##### Source data #####

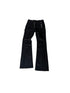 DETW_OnLine_Button_Fly_Washed_Metal_Detail_Streetwear_Women&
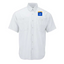 JackWhiteCommercial - Hatteras Performance Short Sleeve Fishing Shirt v1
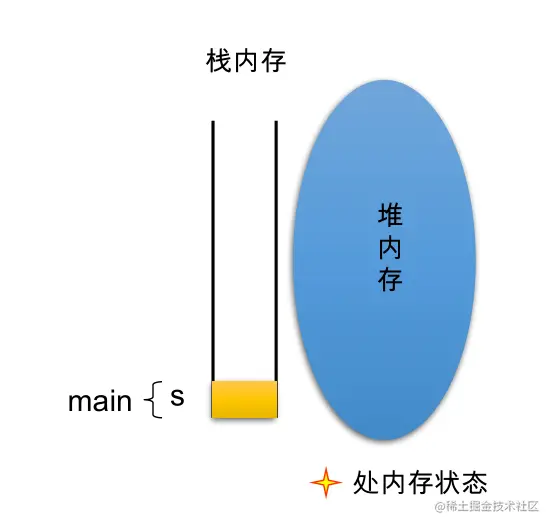 1657068673802.png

#####

Action item
Would you reproduce the listing above in full and exactly, without its pictures?

Answer to this task
 DETW_OnLine_Button_Fly_Washed_Metal_Detail_Streetwear_Women&
 JackWhiteCommercial - Hatteras Performance Short Sleeve Fishing Shirt v1
 1657068673802.png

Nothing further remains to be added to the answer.